> _TASK DIRECTIONS_:
Drop the pictures and extract exactly the lines from the one that contains "PrettyGarden Women's Boho" through the end of the material.

> _INFORMATION PROVIDED_:
= = = =

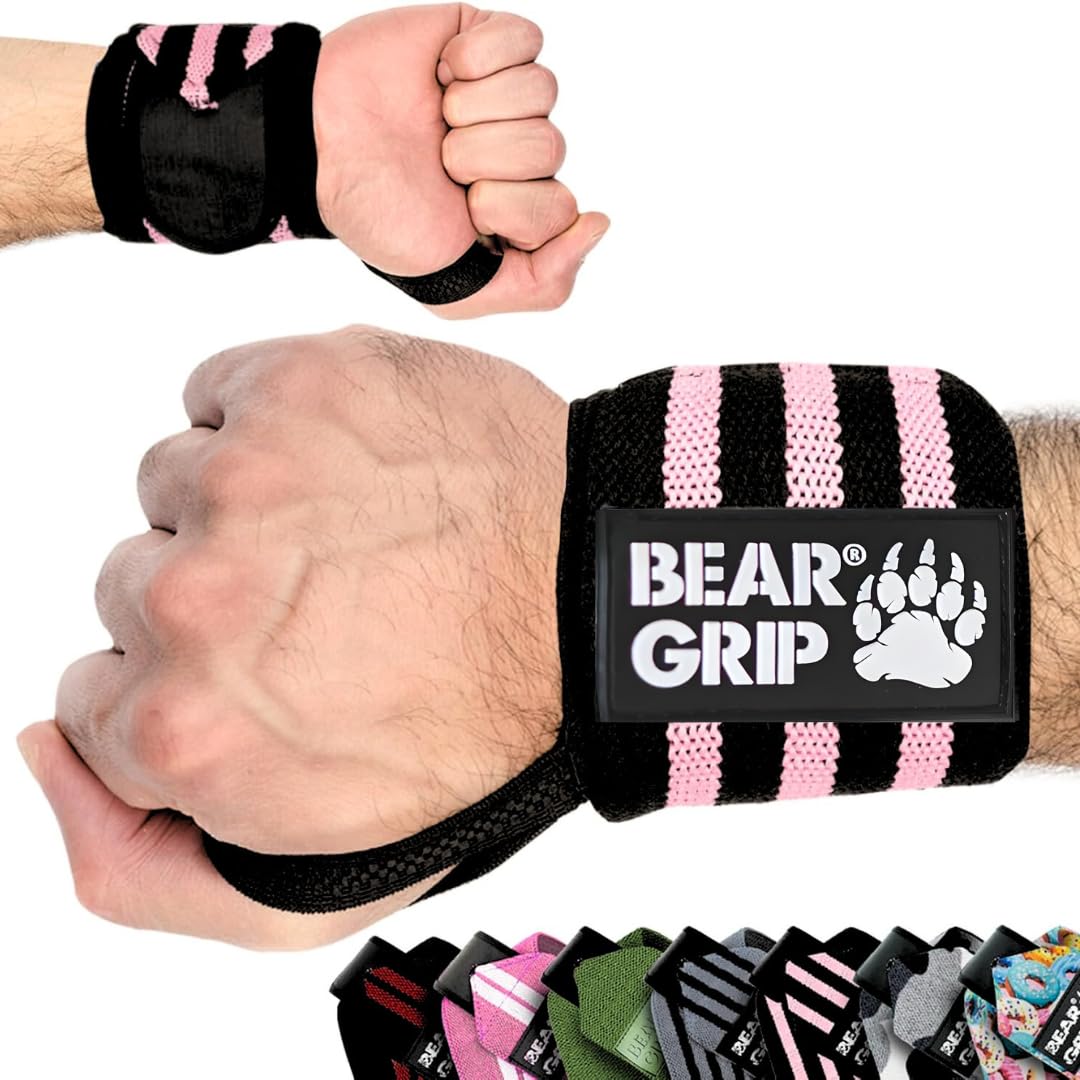 BEAR GRIP - Weight lifting wrist support wraps (Sold in pairs) (Pink)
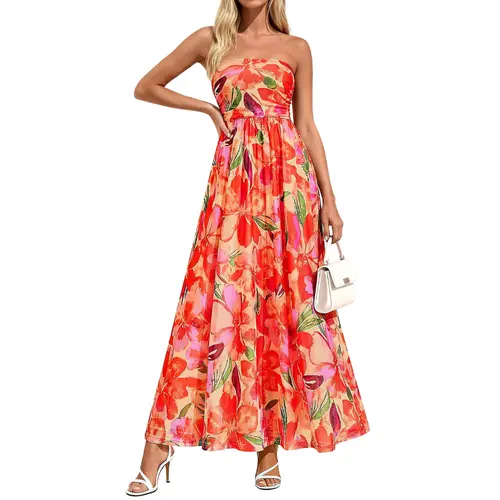 PrettyGarden Women's Boho Maxi Dress Summer Floral Tube Strapless Spring Wedding Guest Cocktail Long Dresses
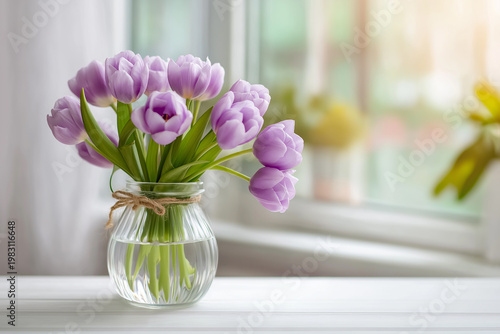 A glass vase with a twine tie holds purple tulips on a white windowsill, with a blurred outdoor scene visible through the window.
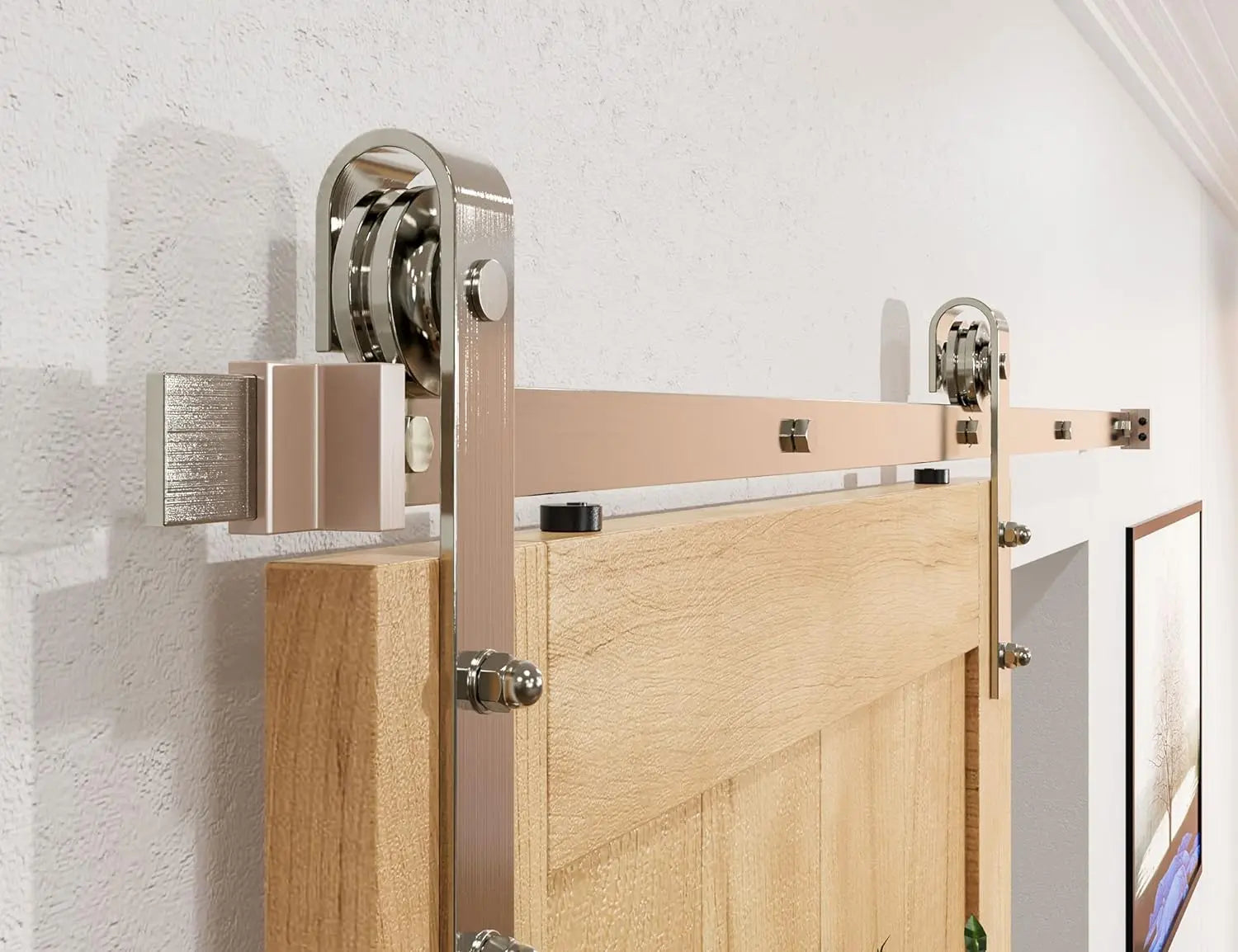 6.6FT Colorful Sliding Barn Door Track Kit for 1 Doors, J Shape(No Door)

= = = =

> _EXPECTED OUTPUT_:
 PrettyGarden Women's Boho Maxi Dress Summer Floral Tube Strapless Spring Wedding Guest Cocktail Long Dresses
 A glass vase with a twine tie holds purple tulips on a white windowsill, with a blurred outdoor scene visible through the window.
 6.6FT Colorful Sliding Barn Door Track Kit for 1 Doors, J Shape(No Door)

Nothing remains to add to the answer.